TRANSPARANSI, BANDA ACEH – Kementerian Hukum (Kemenkum) Aceh terus menggeber upaya percepatan pembentukan Koperasi Desa/Kelurahan Merah Putih (KMP) di seluruh pelosok Aceh. Peran vital notaris menjadi fokus utama dalam mendorong legalitas dan operasionalisasi KMP, sebagai bagian dari program ekonomi kerakyatan yang digagas pemerintah.
Hal ini diungkapkan oleh Kakanwil Kemenkum Aceh, Meurah Budiman saat memberikan penguatan kepada Notaris terkait pendirian Koperasi Merah Putih pada Jumat, 30 Mei 2025 secara virtual. Kegiatan ini diikuti oleh seluruh perwakilan MPD dan Notaris se-Aceh.
“Langkah ini sejalan dengan Instruksi Presiden Republik Indonesia Nomor 9 Tahun 2025 tentang Percepatan Pembentukan Koperasi Desa/Kelurahan Merah Putih, serta regulasi pendukung lainnya,” jelas Meurah Budiman.
Provinsi Aceh memiliki potensi besar dengan 6.497 desa yang tersebar di 23 kabupaten/kota.

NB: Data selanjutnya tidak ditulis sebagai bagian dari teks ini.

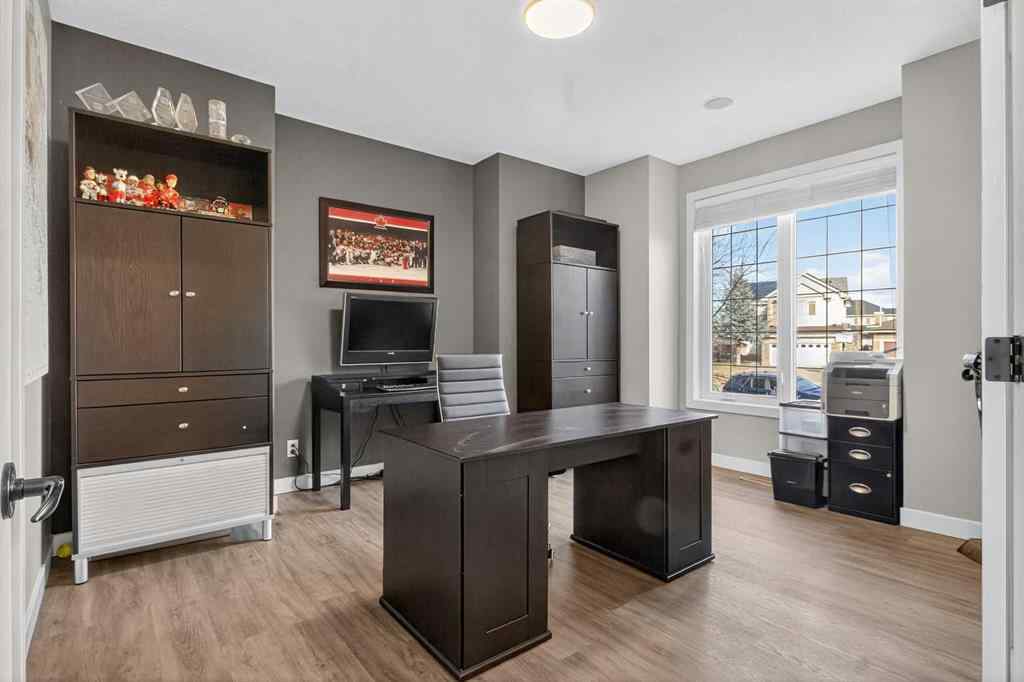MLS® A2270232 - 257 Evergreen Plaza SW in Evergreen Calgary, Residential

Untuk mendukung pembentukan KMP, Kemenkum Aceh memanfaatkan keberadaan 257 notaris yang tersebar di berbagai daerah, meskipun terdapat disparitas jumlah notaris di beberapa wilayah.
Hingga 30 Mei 2025, progres sosialisasi KMP secara keseluruhan di Aceh telah mencapai 94,58%, dengan musyawarah desa khusus (Musdesus) mencapai 61,64%. Meurah Budiman pun menegaskan pentingnya kolaborasi dalam mempercepat pembentukan KMP.
“Kami mengoptimalkan peran notaris sebagai garda terdepan dalam proses pengesahan badan hukum KMP. Ini adalah komitmen kami untuk mewujudkan kemandirian ekonomi desa melalui koperasi yang kuat dan berlandaskan hukum,” ujar Meurah Budiman, dalam paparannya mengenai peran notaris.
Ia juga menambahkan bahwa sinergi dengan Pengurus Wilayah Ikatan Notaris Indonesia (Pengwil INI) terus diperkuat untuk memastikan setiap proses pembuatan akta KMP sesuai dengan aturan dan aspek akuntabilitas.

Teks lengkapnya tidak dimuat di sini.